@skate17: Be an independent and critical thinker. Why not create your own [color=blue]T20/color based on your own observations, factors of evaluation and methodology? You may be surprised your list is quite different from other known rankings.
Quotes from Angel Chernoff in the 18 Important Reminders About Living Up to People’s Expectations
“Your needs matter. Don’t ignore them. Sometimes you have to do what’s best for you and your life, not what’s best for everyone else.”
“Rather than being confined by opinions, you need to create your own reality.”
Here’s how I think about it. Each college is a community and an institution with its own personality, its own strengths and weaknesses, and its own charms. They’re kind of like people you don’t know yet, only a very few of whom are famous.

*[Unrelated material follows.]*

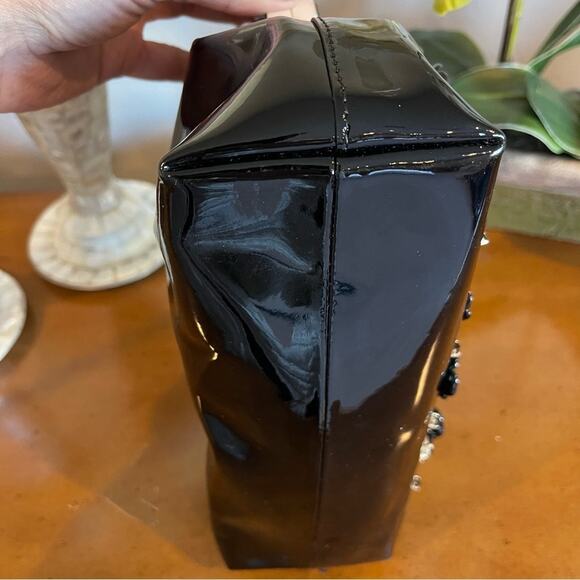 NWOT Dolce & Gabbana Black Floral Crystal VANDA Bag Chic, Bold & Glamorous - Picture 8 of 10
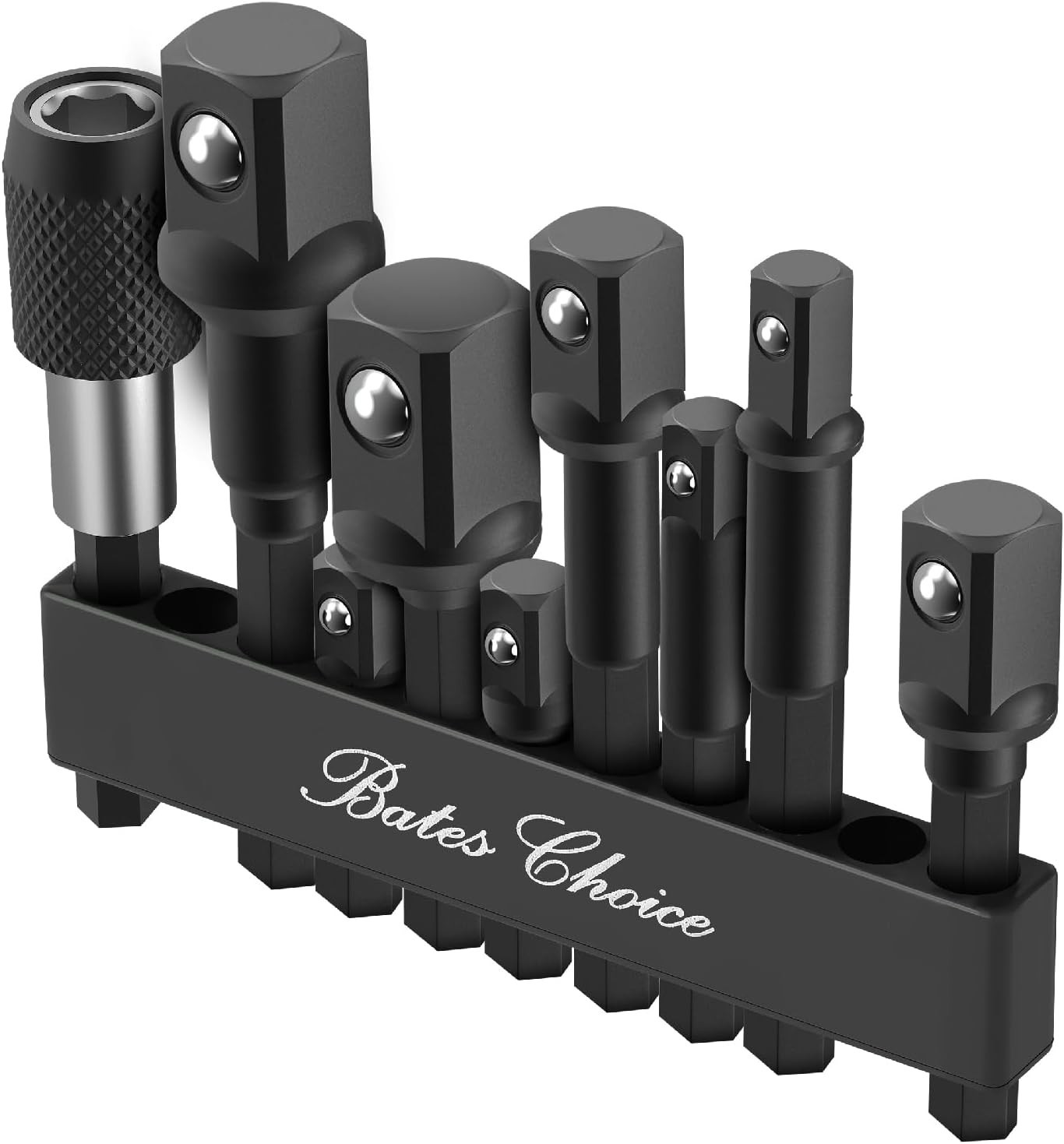 High Quality Bates Impact Socket Adapter Set 9 Piece for Drill and Impact Driver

When you want to get into a relationship, it might seem at first as if no regular person could possibly measure up to the famous people you feel like you “know” from TV and in movies. People you haven’t heard of before don’t seem all that special until you get to know them, and they don’t come with the ego-boost of dating someone famous. But once you start getting to know people, you’re likely to find friends and even romantic partners that are amazing and turn out to be all you ever hoped for.
In my view, not being able to see the charms of any colleges but the handful of most-famous ones is like refusing to date at all unless you can date a celebrity. (And sometimes the truth is that you’d be far better off with a regular person!)
Some super advice in the above posts, so I am going to come at it from the angle that matters a lot for the next 10 months- and won’t matter even a tiny bit after that: your school/home environment.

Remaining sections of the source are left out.